The length of time it would take a solar-powered plane to travel from Kingston to Montego Bay could be done numerous times in a round trip if done by a car. So, we can safely say that the only shortcoming of this experiment is its speed. However, this was not the point. Futuristic technology will always allow incredible improvements. This type of exposure is a well-needed chance to illustrate the prospective use of clean energy technology.
The speed of these aircrafts prohibits them from coming inland while commercial flights are ongoing. Flight during turbulence is discouraged because of the light weight of the machine. Evidence shows that it weighs at least the weight of a mid-sized car. Small yes, but effective.

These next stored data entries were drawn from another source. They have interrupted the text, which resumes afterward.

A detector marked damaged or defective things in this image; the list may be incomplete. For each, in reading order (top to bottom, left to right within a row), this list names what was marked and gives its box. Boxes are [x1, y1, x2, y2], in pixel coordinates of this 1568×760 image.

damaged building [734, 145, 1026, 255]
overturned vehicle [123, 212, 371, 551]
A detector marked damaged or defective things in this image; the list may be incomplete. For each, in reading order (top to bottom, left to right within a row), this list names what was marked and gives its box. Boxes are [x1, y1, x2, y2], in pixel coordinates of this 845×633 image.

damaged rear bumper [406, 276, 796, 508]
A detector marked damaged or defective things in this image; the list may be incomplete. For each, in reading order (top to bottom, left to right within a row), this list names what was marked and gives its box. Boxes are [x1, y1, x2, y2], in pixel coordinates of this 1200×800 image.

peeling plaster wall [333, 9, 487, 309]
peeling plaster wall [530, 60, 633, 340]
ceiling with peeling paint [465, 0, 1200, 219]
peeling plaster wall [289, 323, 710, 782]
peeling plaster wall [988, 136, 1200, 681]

An experiment with the aircraft during an episode of turbulence and the after effects of a tornado was done in Dallas and St. Louis, respectively. These types of experiments allow technicians and mechanics to have a better understanding of the aircraft in and of itself and give them the opportunity to make adjustments where necessary. Prospects for the future include an attempt to take flight around the world in 2015. The goal is to give people a glimpse of the endless possibilities of solar energy and alternative energy at large. Jamaica’s logistics hub should be far advanced by 2015 and would therefore coincide with new technology to increase the speed of solar planes and allow them to carry much heavier cargo.

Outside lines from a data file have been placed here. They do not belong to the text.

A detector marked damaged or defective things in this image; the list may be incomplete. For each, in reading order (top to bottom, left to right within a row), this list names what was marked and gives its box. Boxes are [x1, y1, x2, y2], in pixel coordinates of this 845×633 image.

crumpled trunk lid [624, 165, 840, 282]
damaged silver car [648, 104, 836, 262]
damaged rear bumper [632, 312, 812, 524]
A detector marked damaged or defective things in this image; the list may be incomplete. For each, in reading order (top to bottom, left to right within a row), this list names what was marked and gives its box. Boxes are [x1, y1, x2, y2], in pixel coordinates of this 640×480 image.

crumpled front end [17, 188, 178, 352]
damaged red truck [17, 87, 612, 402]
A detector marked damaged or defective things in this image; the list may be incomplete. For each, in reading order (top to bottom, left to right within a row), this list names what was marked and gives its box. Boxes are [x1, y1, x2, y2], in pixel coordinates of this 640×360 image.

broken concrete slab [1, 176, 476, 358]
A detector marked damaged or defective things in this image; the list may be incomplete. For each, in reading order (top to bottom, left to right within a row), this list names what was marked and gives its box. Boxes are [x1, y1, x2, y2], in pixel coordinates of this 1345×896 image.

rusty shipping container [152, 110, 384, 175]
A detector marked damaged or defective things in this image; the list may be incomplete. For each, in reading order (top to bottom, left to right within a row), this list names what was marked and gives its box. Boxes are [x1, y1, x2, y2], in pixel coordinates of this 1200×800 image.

So far, research has shown that the plane can rise up to a maximum height of 28,000ft (8,500 meters) and enter an exquisite decent where the engines are switched off on a calm and clear day.
Willingly take a step into the surviving future of solar energy. Where the skies will be beautifully lit by solar-powered aircrafts and airports will be filled with the sweet silence of graceful ascent and elegant descent of well-designed planes.
For any Caribbean territory to launch ahead in the Global Logistics Hub race they will have to consider what happens after the mega-ships dock. One hundred percent (100%) renewable energy will drive the cost of electricity down and increase the number of vessels while Solar Planes will connect the dots between these Logistics spots.
Globalization poses many challenges to developing countries such as those of the Caribbean. These countries experience a great deal of unease regarding the maintenance of economic stability. Automatically, trading will become or already is vital to any country. The Global Logistic Hub presents an opportunity for Caribbean countries to experience growth and productivity.
In order to take advantage of these trading opportunities Caribbean countries could employ the use of clean renewable energy to cut the cost of expenses. Besides Putting the wind to work, and building offshore wind farms, Solar Planes provides a grand window opportunity for our manufacturing and cargo transportation industries.